TASK MATERIAL.
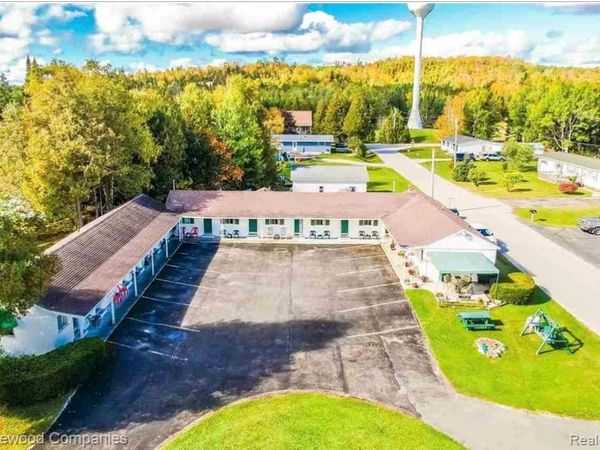 2040 Business Loop 75 , St. Ignace Twp, MI 49781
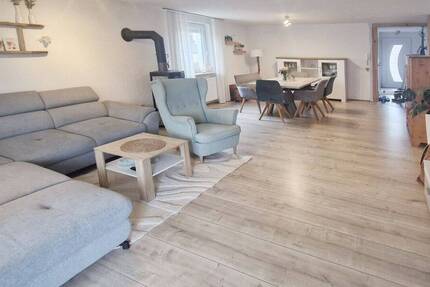 Haus Satteldorf Ellrichshausen - 6 Zimmer, 147 m&sup2;, 397.000&euro; | Angebot:26360155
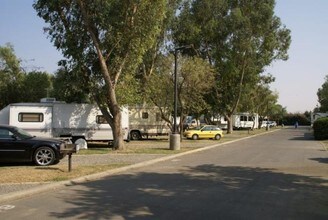 Almond Tree Oasis Park in Coalinga, CA - Foto de edificio - Building Photo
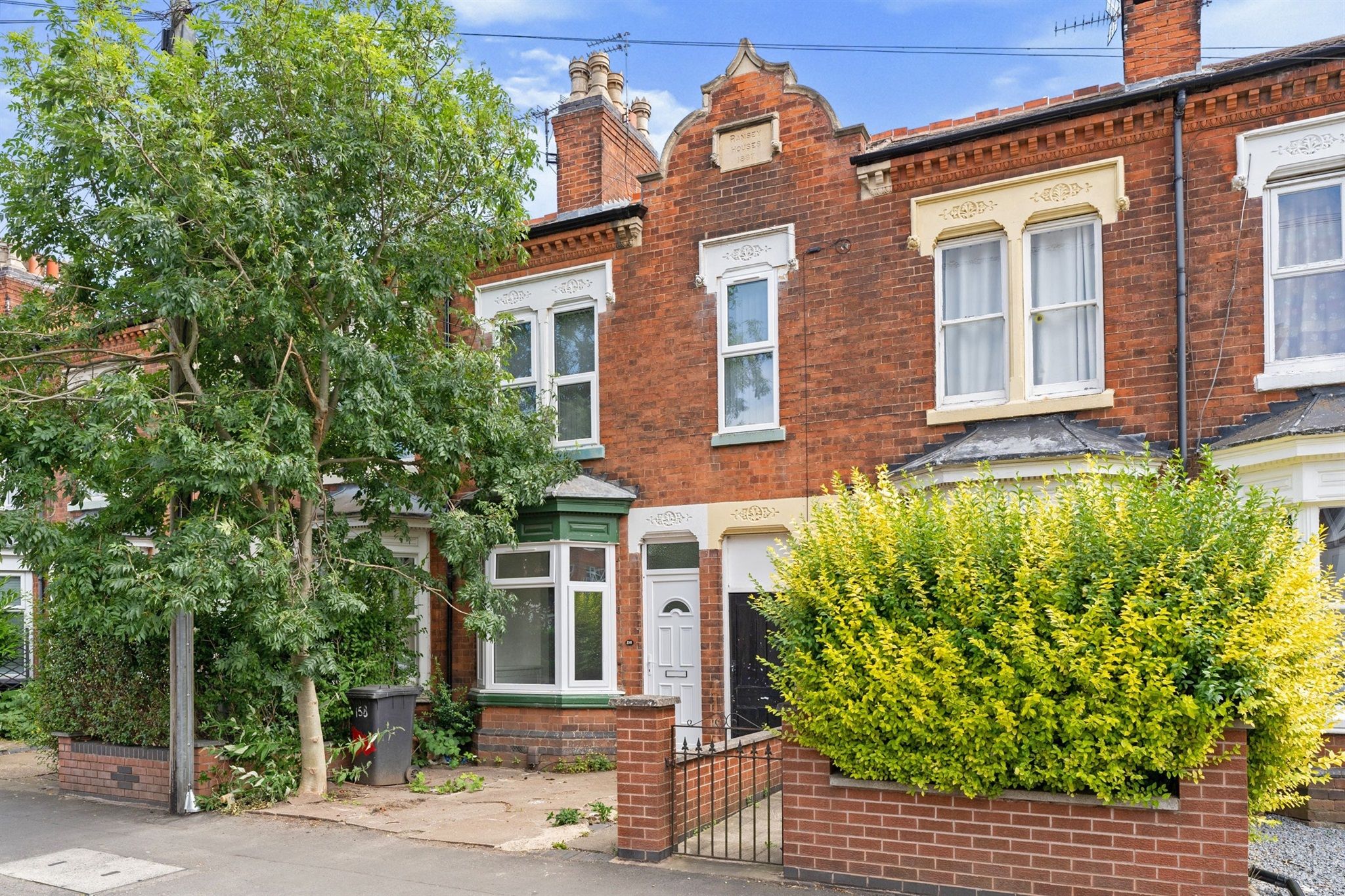 3 bed terraced house for sale in Clarendon Park Road, Leicester LE2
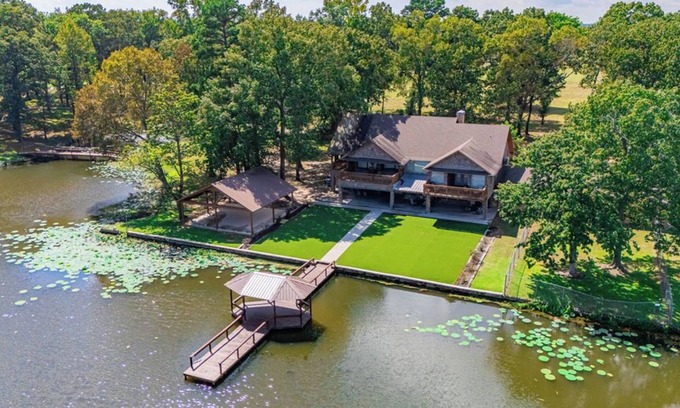 Big Sandy House | Your private fishing oasis in Big Sandy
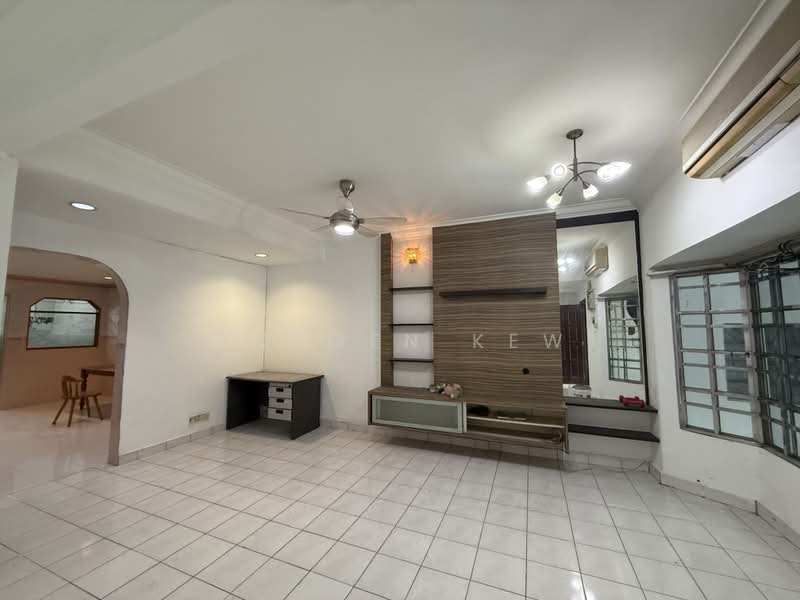 Rumah Teres untuk Disewa di Puchong (Selangor) - Carmen Kew - Living Room - PropertyGuru.com.my
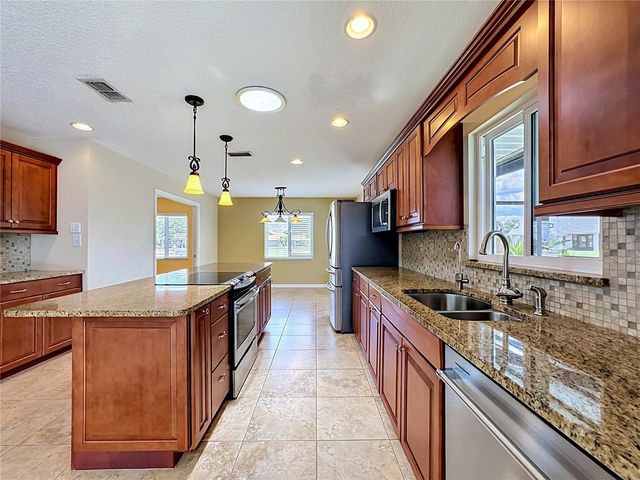 2007 WEDGE COURT, Sun City Center, FL 33573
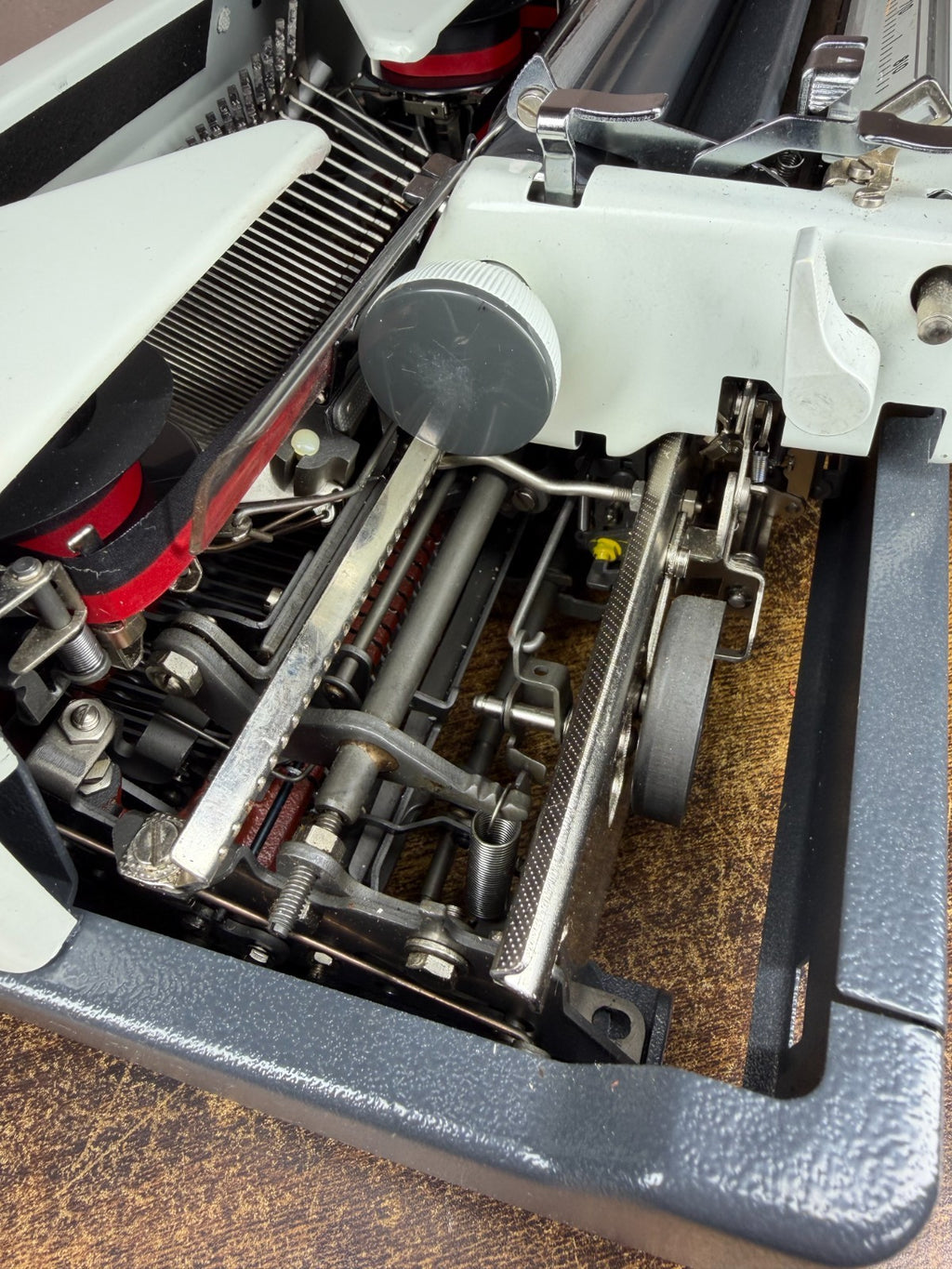 Near Mint! Serviced 1971 Olympia SM9 Portable Typewriter Modern Pica No.67 Font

TASK GOAL.
Reproduce each record from above exactly; pictures do not belong in the copy.

RESULT.
 2040 Business Loop 75 , St. Ignace Twp, MI 49781
 Haus Satteldorf Ellrichshausen - 6 Zimmer, 147 m&sup2;, 397.000&euro; | Angebot:26360155
 Almond Tree Oasis Park in Coalinga, CA - Foto de edificio - Building Photo
 3 bed terraced house for sale in Clarendon Park Road, Leicester LE2
 Big Sandy House | Your private fishing oasis in Big Sandy
 Rumah Teres untuk Disewa di Puchong (Selangor) - Carmen Kew - Living Room - PropertyGuru.com.my
 2007 WEDGE COURT, Sun City Center, FL 33573
 Near Mint! Serviced 1971 Olympia SM9 Portable Typewriter Modern Pica No.67 Font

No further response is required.